Agence de notation Note actuelle Perspectives
Moody's Aucune Aucune
Fitch Aucune Aucune
Standard & Poor's Aucune Aucune

Spécialistes en valeurs du Trésor

Seuls les spécialistes en valeurs du Trésor sont autorisés à participer aux adjudications sur le marché primaire.  Tous les spécialistes en valeurs du Trésor sont approuvés par le Trésor. 

Il existe onze (11) spécialistes en valeurs du Trésor, dont six (6) banques d’État, six (6)  compagnies d’assurance et une (1) banque commerciale.

Caisse nationale d'épargne et de prévoyance

Société nationale d'assurance

Compagnie algérienne des assurances

Compagnie algérienne d'assurance et de réassurance

Banque de l'agriculture et du développement rural

Banque extérieure d'Algérie

Banque nationale d'Algérie

Crédit populaire d'Algérie

Caisse nationale d'assurance chômage

Compagnie internationale d'assurance et de réassurance

Caisse nationale de mutualité agricole

Citibank Algérie

Restrictions sur le marché

Ouverture aux investisseurs internationaux

Le marché algérien est ouvert aux investisseurs étrangers. De plus, les autorités algériennes essayent de garantir des avantages pour les intérêts algériens. Plusieurs règles restrictives en matière d’investissements étrangers ont été adoptées. 

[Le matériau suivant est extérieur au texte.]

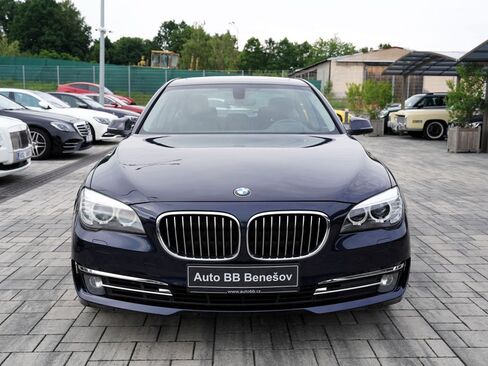 BMW Řada 7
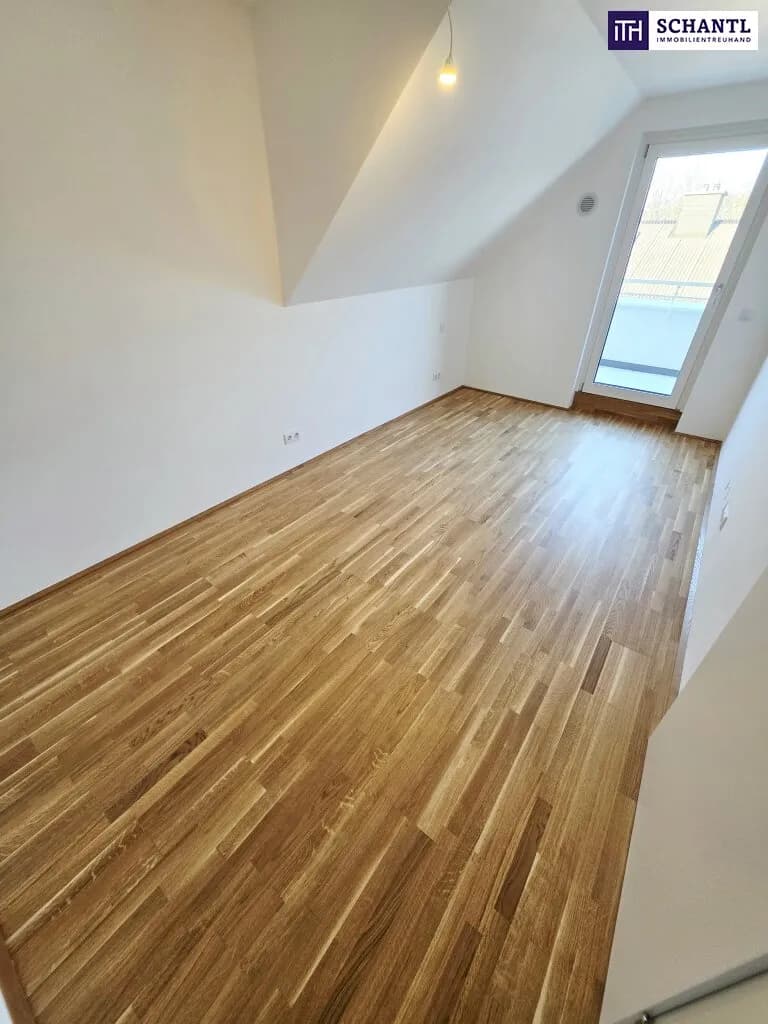 2-Zimmer-Wohnung kaufen in Wien – 48,5 m², € 271.045 – Bild 12 von 30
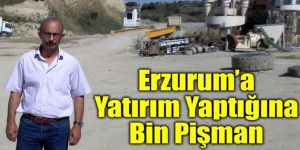 Yatırım Yaptığına Bin Pişman!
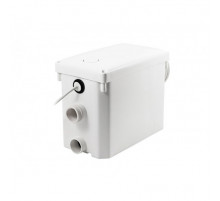 Станция насосная канализационная Unipump SANIVORT 405 М с ножом, центр. вход (30924)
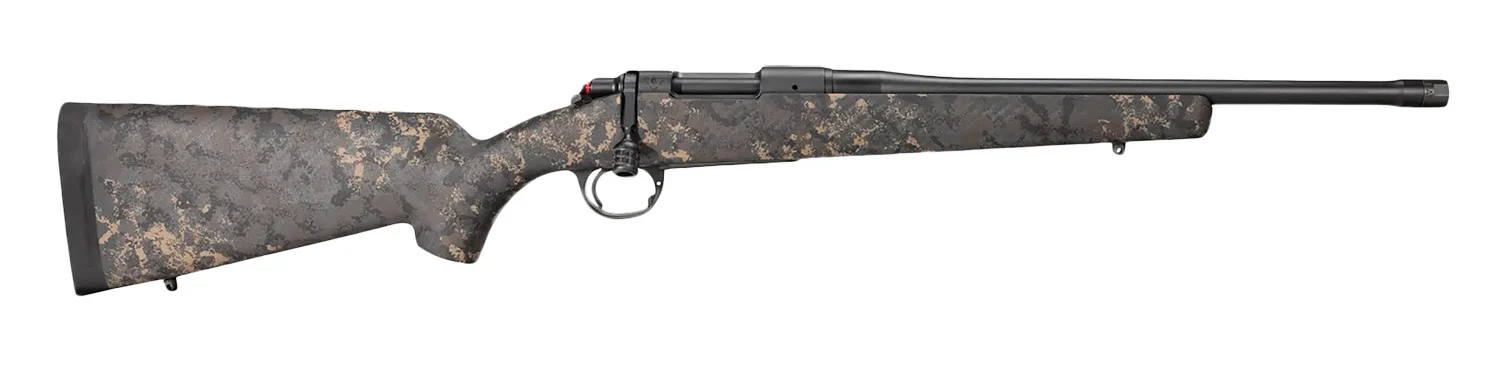 Wilson Combat NULA 20S 350 Legend 16 inch Kodiak Rogue Armor-Tuff bolt action rifle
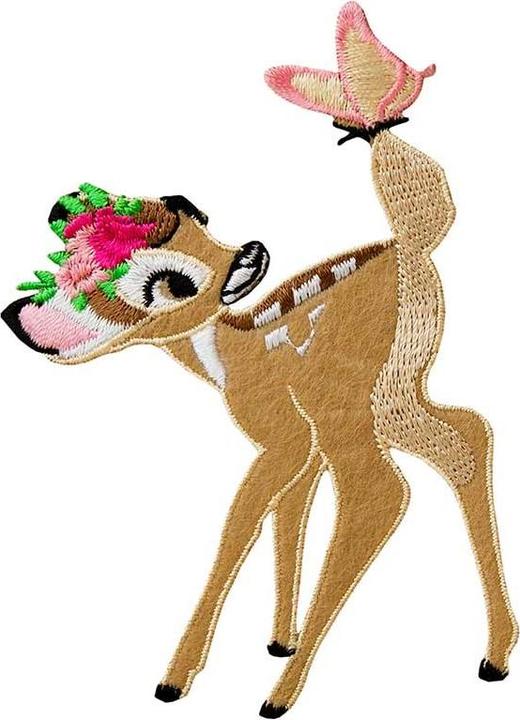 Produktbild Mono Quick Bambi© stehend (1 x)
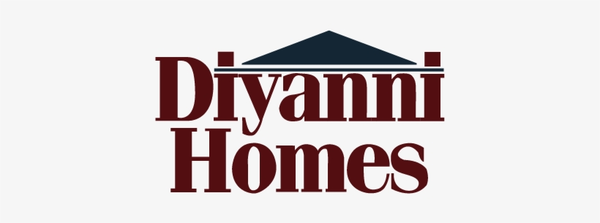 Diyanni Homes logo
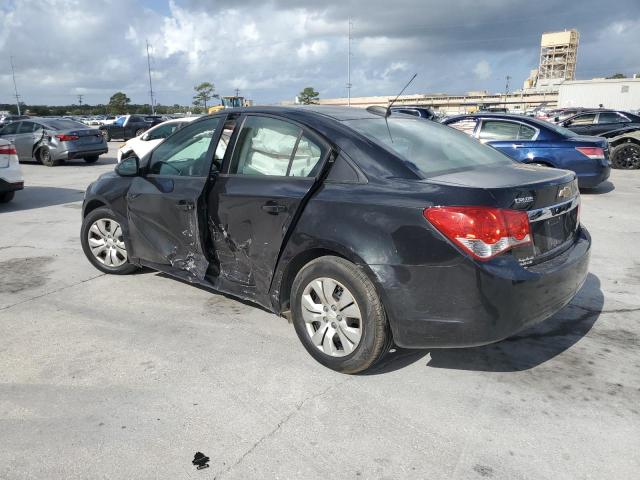 Photo 1 VIN: 1G1PA5SH3F7111727 - CHEVROLET CRUZE LS 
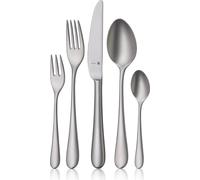 Service de couverts WMF Merit, 30 pièces, Cromargan protect sablé
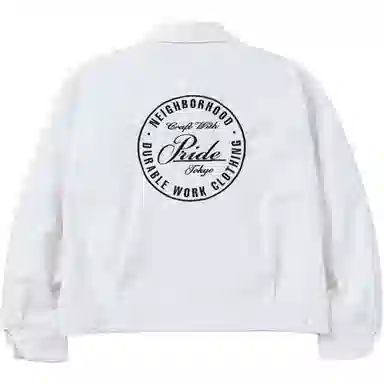 NEIGHBORHOOD x Dickies FW24
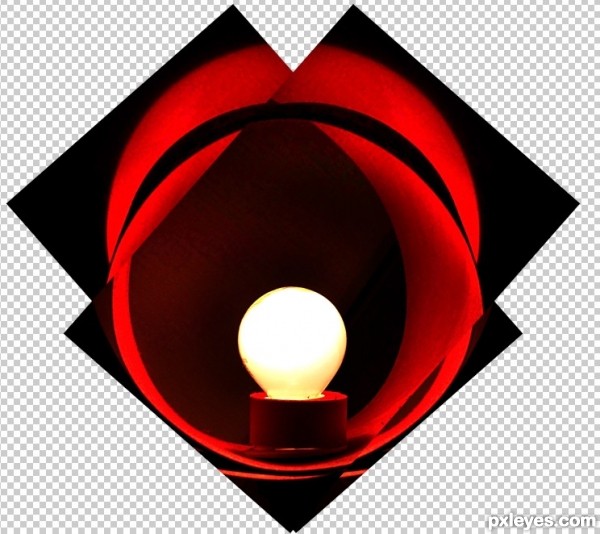 Creation of Maria Mox: Step 1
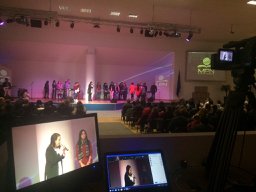 Media Booth Missione Parola alle Nazioni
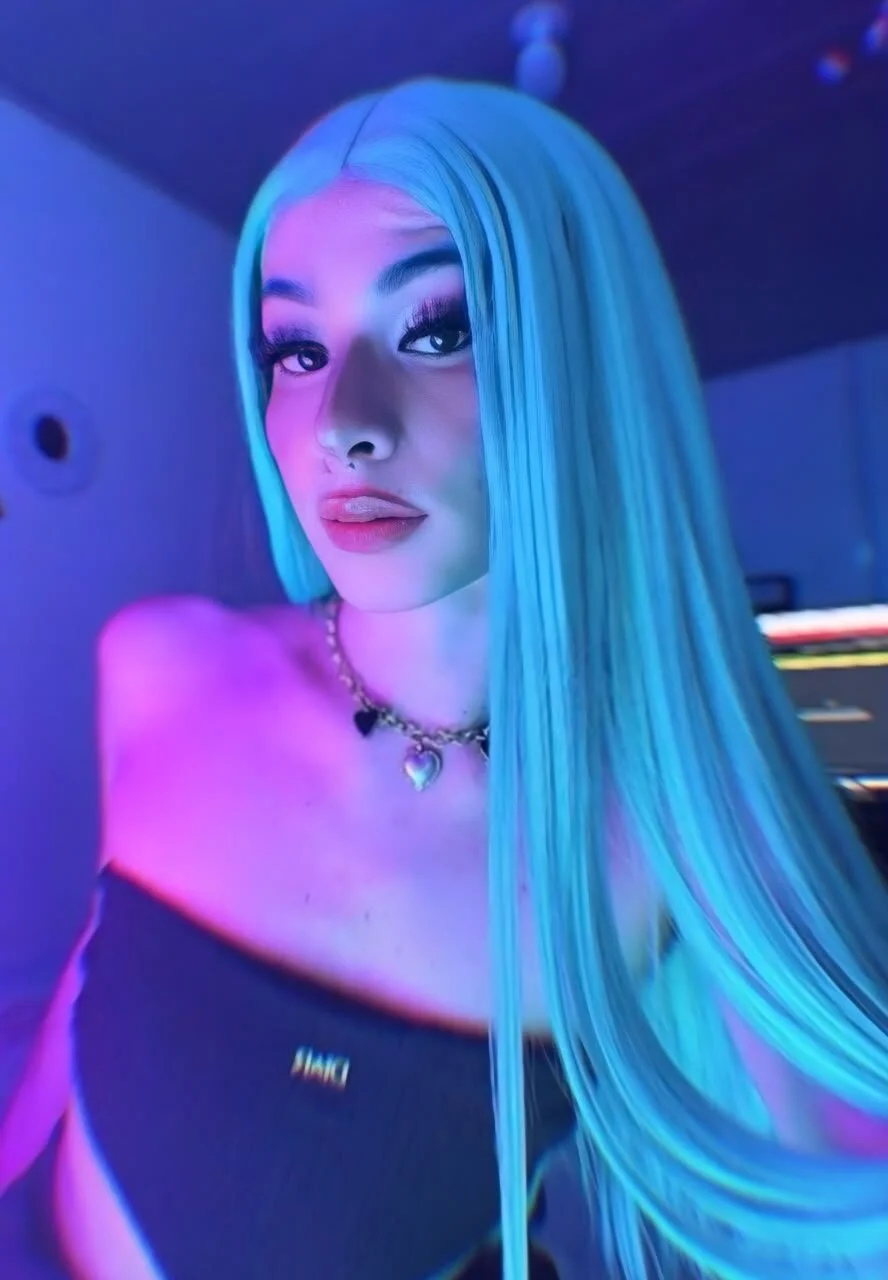 XXX Porn Photo of Nude Irina_milkmaid 20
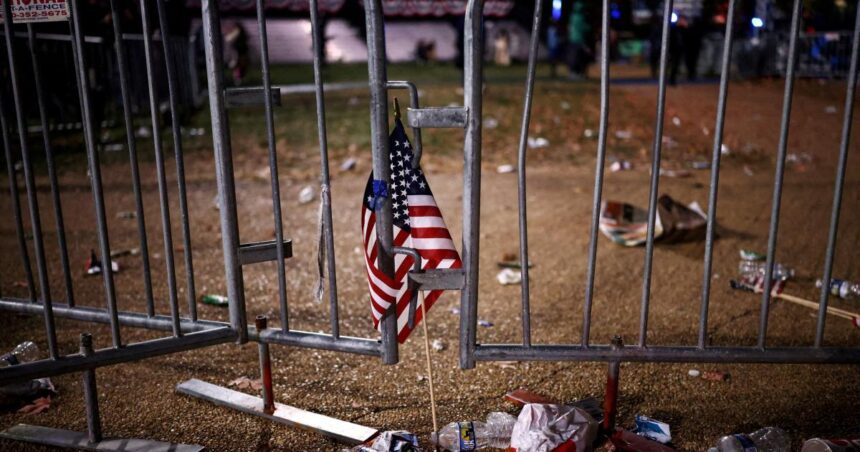 Francis Fukuyama: Trump och liberalismens kris
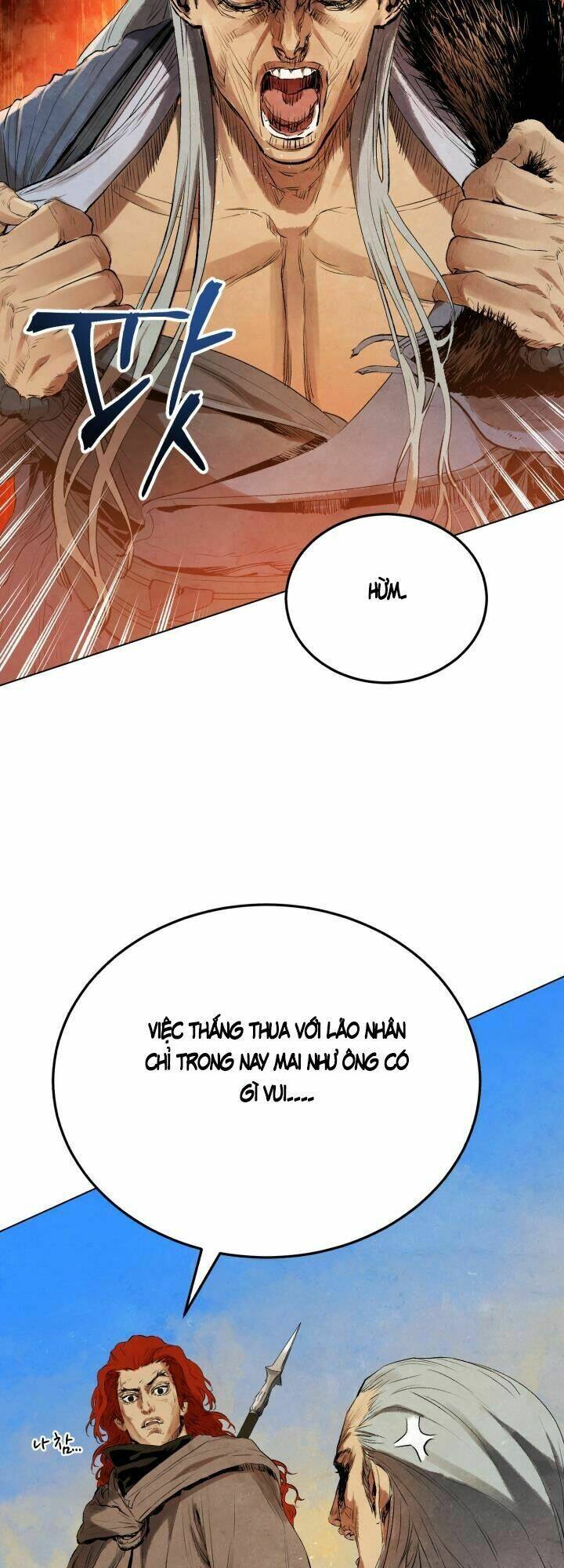 Phụng Tiên Trọng Sinh Ký: Chapter 26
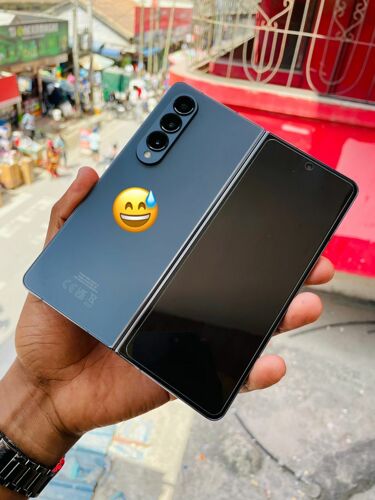 Samsung FOLD 4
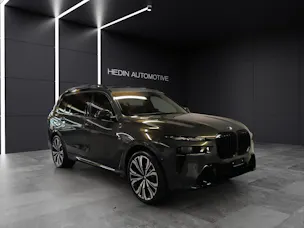 BMW X7 40d xDrive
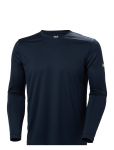 Helly Hansen - Hh Tech Crew Ls 2.0 - Spordi pikkade varrukatega topid - XXL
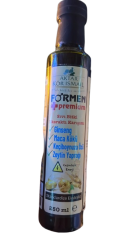 Aktar Kör İsmail For Men Bitki Ekstraktı Karışımı 250 ml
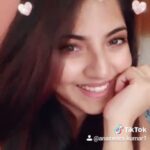 Anaswara Kumar Instagram - #tiktokmalayalam #kumblanginights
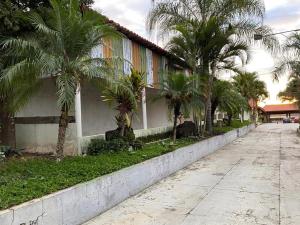 Bilde i galleriet til Hotel Central de Cabreuva i Cabreúva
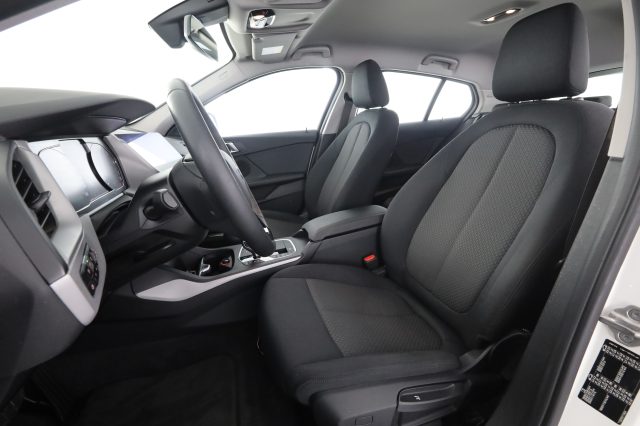 BMW 118 Serie 1 i 5p. Advantage - foto 2 di 4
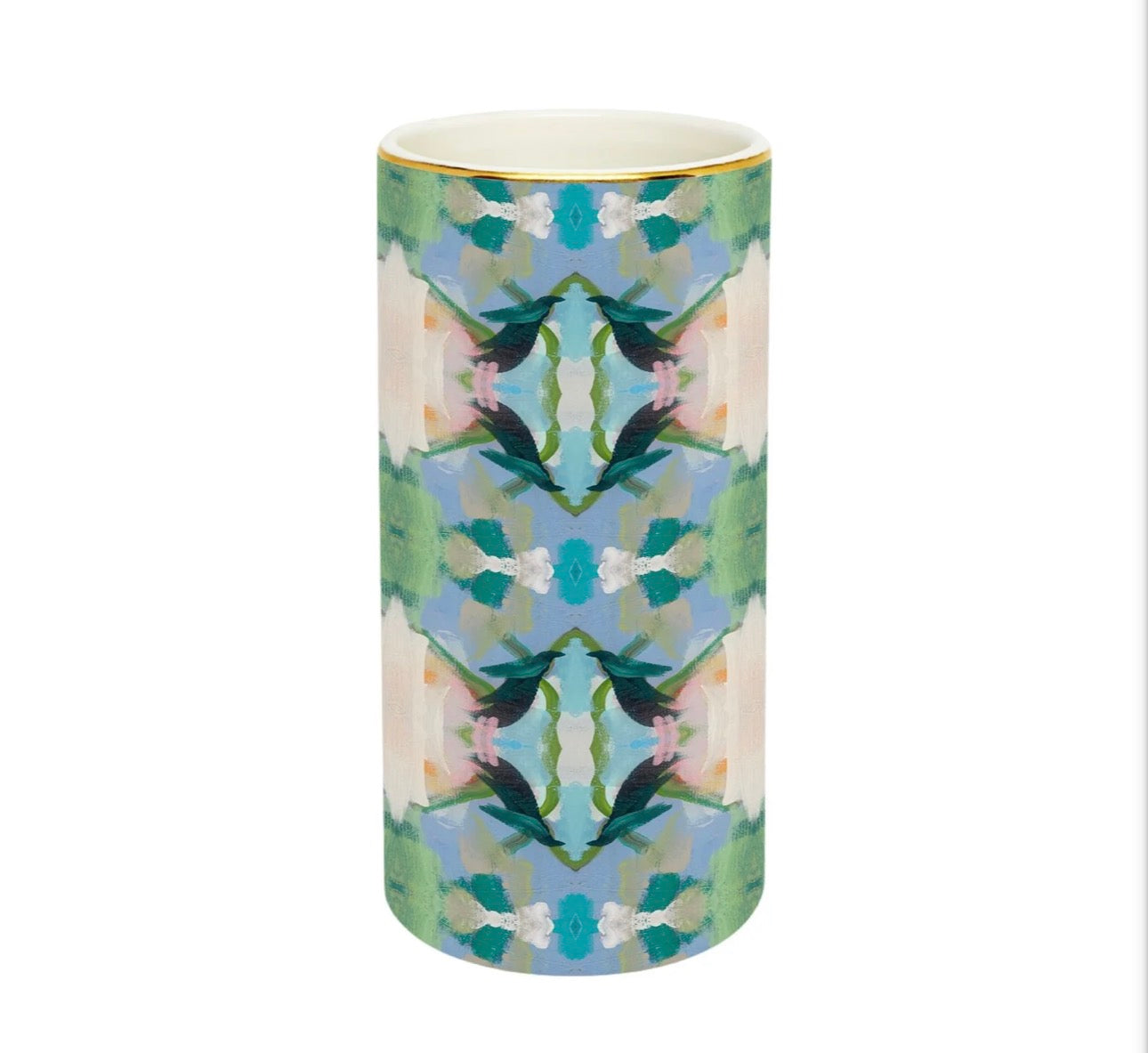 Island House Vase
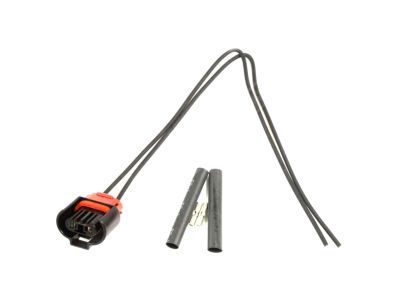 Lincoln 1U2Z-14S411-BCA Wire Assy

Contrôle des mouvements de capitaux

Des restrictions sont appliquées sur les investissements étrangers en Algérie, conformément à la Loi de finances complémentaire de 2009, qui stipule que les Algériens devraient détenir une participation de 51 % dans les nouveaux investissements privés. En 2010, la Loi de finances complémentaire de 2010 a permis au gouvernement d’opposer son veto à la vente d’entreprises algériennes à des investisseurs étrangers. 

Restrictions sur les devises et le rapatriement des bénéfices

La disponibilité des devises permet aux investisseurs de rapatrier leurs bénéfices sans autorisation préalable. Des restrictions pèsent sur le rapatriement des dividendes et des bénéfices.